____ DATASET CONTENT
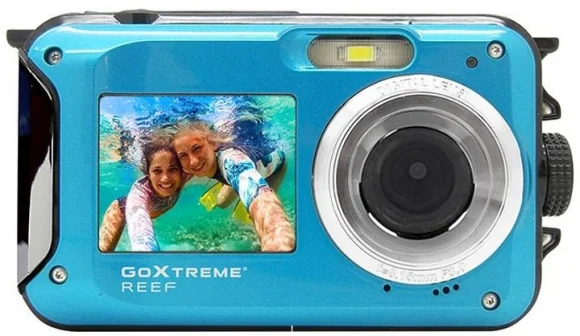 Skaitmeninis fotoaparatas Easypix GoXtreme Reef 20154 Mėlynas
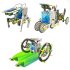 13-in-1 Solar-Roboter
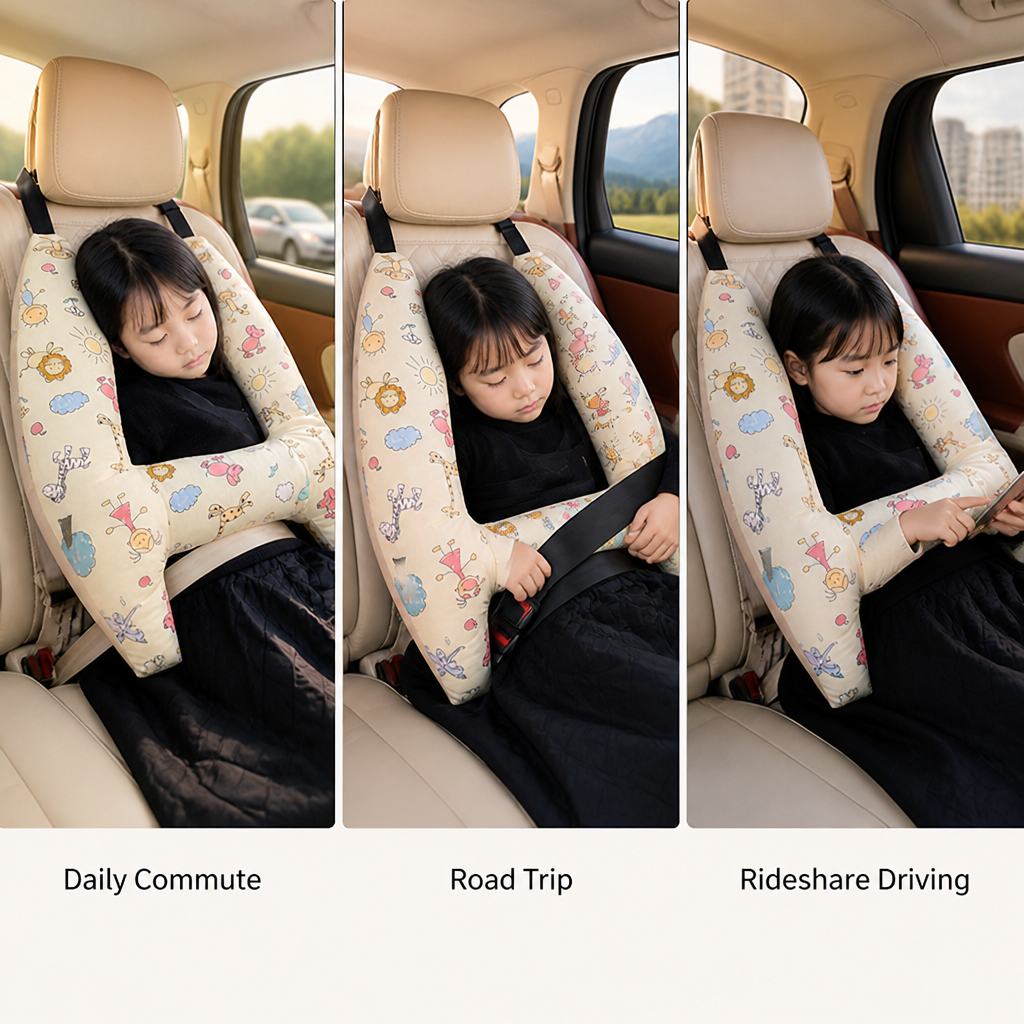 CozyCruze™ — Turn Every Drive into a Calm, Happy Adventure Your Child Loves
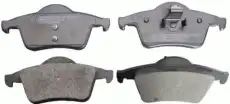 Тормозные колодки дисковые задняя ось DENCKERMANN B110816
________
* PROBLEM STATEMENT *
Across the whole listing, reproduce each line verbatim and exclude every picture.

* RESPONSE AREA *
 Skaitmeninis fotoaparatas Easypix GoXtreme Reef 20154 Mėlynas
 13-in-1 Solar-Roboter
 CozyCruze™ — Turn Every Drive into a Calm, Happy Adventure Your Child Loves
 Тормозные колодки дисковые задняя ось DENCKERMANN B110816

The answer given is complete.